[ovs-dev] [PATCH] VxLAN-gpe implementation

Thu Jun 9 21:06:46 UTC 2016

On 09.06.2016 22:35, Alexander Duyck wrote:
> On Thu, Jun 9, 2016 at 12:23 PM, Hannes Frederic Sowa <hannes at redhat.com> wrote:
>> On 09.06.2016 18:14, Alexander Duyck wrote:
>>> On Thu, Jun 9, 2016 at 3:57 AM, Hannes Frederic Sowa <hannes at redhat.com> wrote:
>>>> On 09.06.2016 04:33, Alexander Duyck wrote:
>>>>> On Wed, Jun 8, 2016 at 3:20 PM, Hannes Frederic Sowa <hannes at redhat.com> wrote:
>>>>>> The remaining problem regarding offloads would be, that we by default
>>>>>> get into the situation that without the special offloading rule the
>>>>>> vxlan stream will only be processed on one single core, as we tell
>>>>>> network cards not to hash the udp ports into rxhash, which hurts a lot
>>>>>> in case of vxlan, where we bias the flow identification on the source
>>>>>> port without offloading available.
>>>>>
>>>>> Most NICs offer the option of hashing on UDP ports.  In the case of
>>>>> the Intel NICs I know you can turn on UDP port hashing by using
>>>>> ethtool and setting UDP hasing to be enabled via "ethtool -N <iface>
>>>>> udp4 sdfn".  You can do the same thing using "udp6" for IPv6 based
>>>>> tunnels.  That is usually enough to cover all the bases and the fact
>>>>> is not too many people are passing fragmented UDP traffic and as long
>>>>> as that is the case enabling UDP hashing isn't too big of a deal.
>>>>
>>>> True, I am wondering how safe it is given the reordering effects it has
>>>> on UDP and thus other non vxlan management protocols on the hypervisors.
>>>>
>>>> At that time, when UDP port hashing was disabled, the message was pretty
>>>> clear by upstream and I don't think for the default case anything should
>>>> change here.
>>>>
>>>> Are the port hashing features also global or tweakable per VF?
>>>
>>> That one depends on the device.  I think in the case of some of the
>>> newer NICs the VFs support separate RSS tables.  The ones that have
>>> shared RSS tables typically share how they compute the hashes.  So for
>>> example with igb and ixgbe you get a shared has computation where the
>>> PF will impact the VFs.  One easy fix for the reordering though is to
>>> simply disable RSS on the VFs which in many cases will likely occur
>>> anyway unless the guest has multiple VCPUs.
>>
>> Sounds like a bad limitation. I assume multiple VCPUs are used in VMs (I
>> even do that).
> 
> Right.  So do I.  However many VFs are still greatly limited in the
> number of queues they can support.

Ok, interesting, thanks!

> Also in terms of impact on the VFs having the UDP hashing enabled for
> RSS is only really an issue if you have a mix of fragmented and
> non-fragmented traffic for the same flow.
> 
>> Hypothetically for IPv4 vxlan in a datacenter, can't we randomize the
>> IPv4 address bits and isolate it properly just as the transport protocol
>> for vxlan (e.g. the lower 2 bytes)? But that is becoming ugly...
> 
> Mangling the address would probably be even worse.

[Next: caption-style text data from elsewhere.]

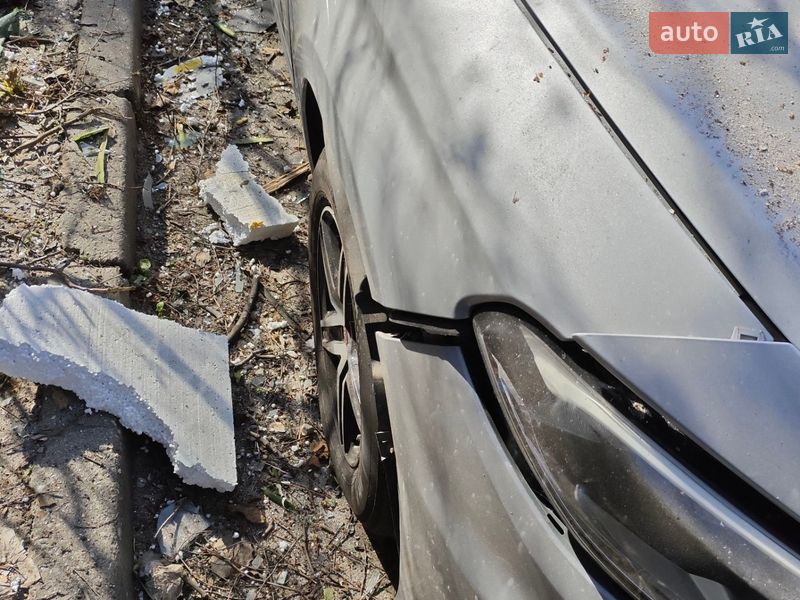 Седан Fiat Tipo 2017 в Одессе фото 12 Седан Fiat Tipo 2017 в Одессе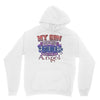 my son was so amazing god made Unisex Hoodie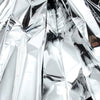10 X Waterproof EMERGENCY FOIL BLANKET Thermal Camping First Aid Survival Rescue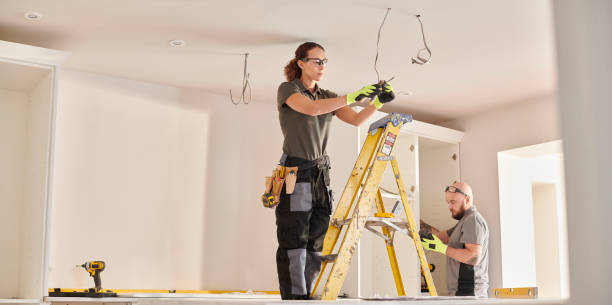 Best Commercial Electrician Services  in Pace, FL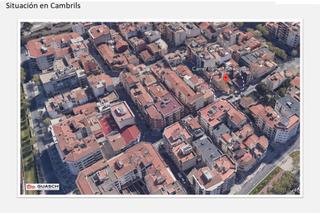 Wohngrundstck  Carrer ramon berenguer iv. Gran oportunidad para promocin inmobiliaria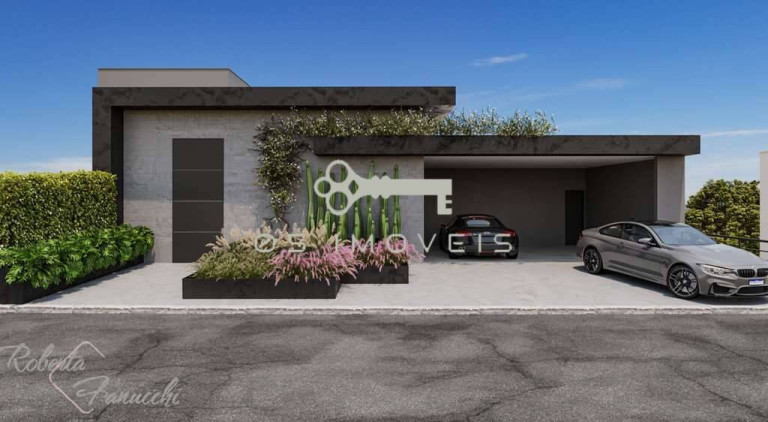 Imagem Casa de Condomínio com 4 Quartos à Venda, 400 m² em Granja Viana - Cotia Imagem Casa de Condomínio com 4 Quartos à Venda, 400 m² em Granja Viana - Cotia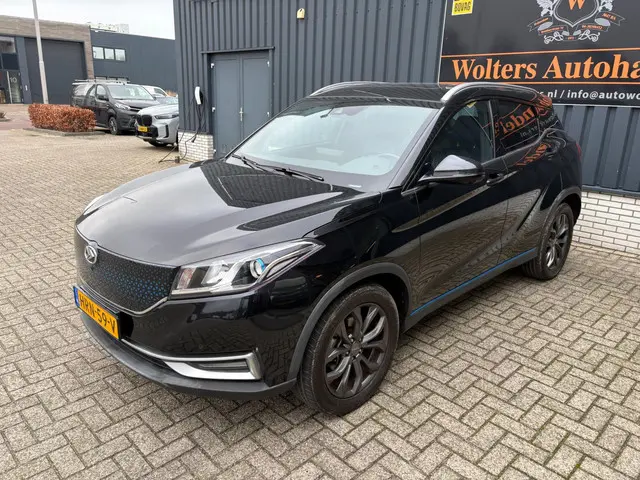 Seres 3 52kWh 2022 Elektrisch 5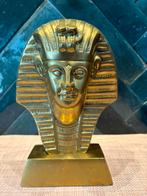 Messing vintage Toetanckanon, Antiek en Kunst, Ophalen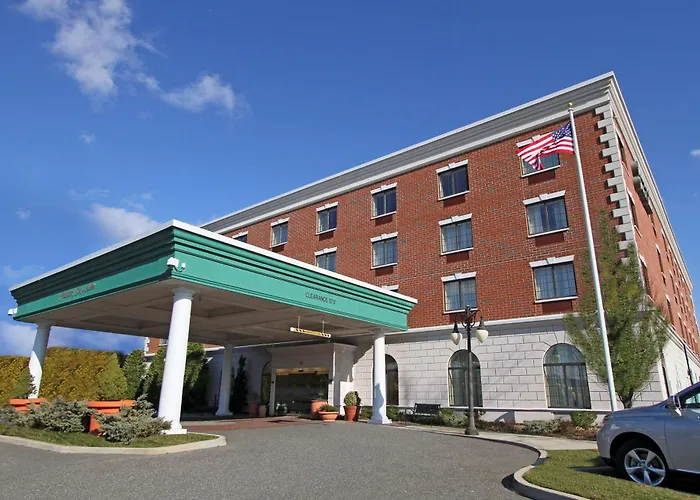 Hampton Inn & Suites By Hilton - Rockville Centre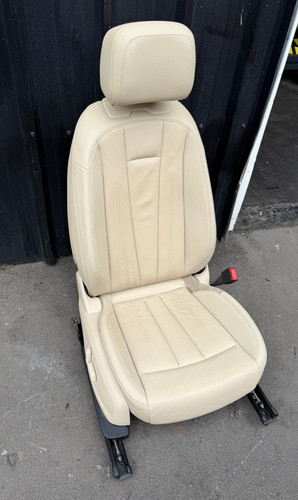 Seat passenger right - , audi
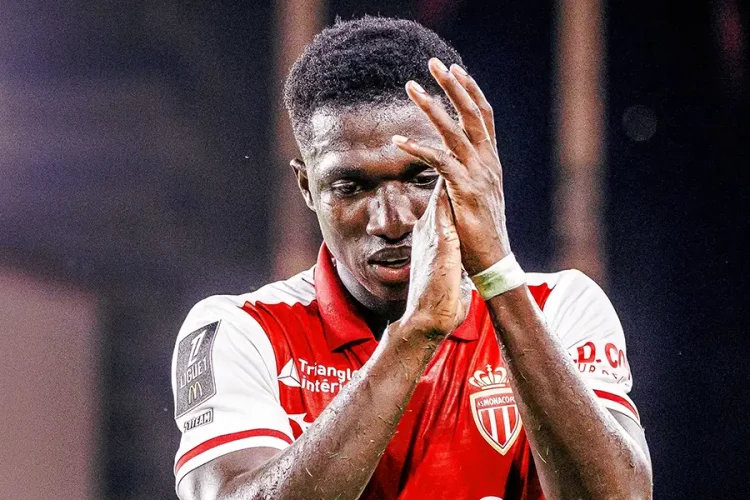 Lamine Camara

If the data plane only uses 10.0.0.0/16 and this subnet gets strictly
blocked to leave the lower ethernet and is only used to transport vxlan
communication, I don't see reason why we couldn't use the 2 bytes as
flowlabel. ;)

Not that I like this approach at all... ;)

>> We break ICMP already with UDP source port randomization.
> 
> I hadn't thought about that before.  Is that also the reason why we
> don't have any PMTU discovery for UDP tunnels?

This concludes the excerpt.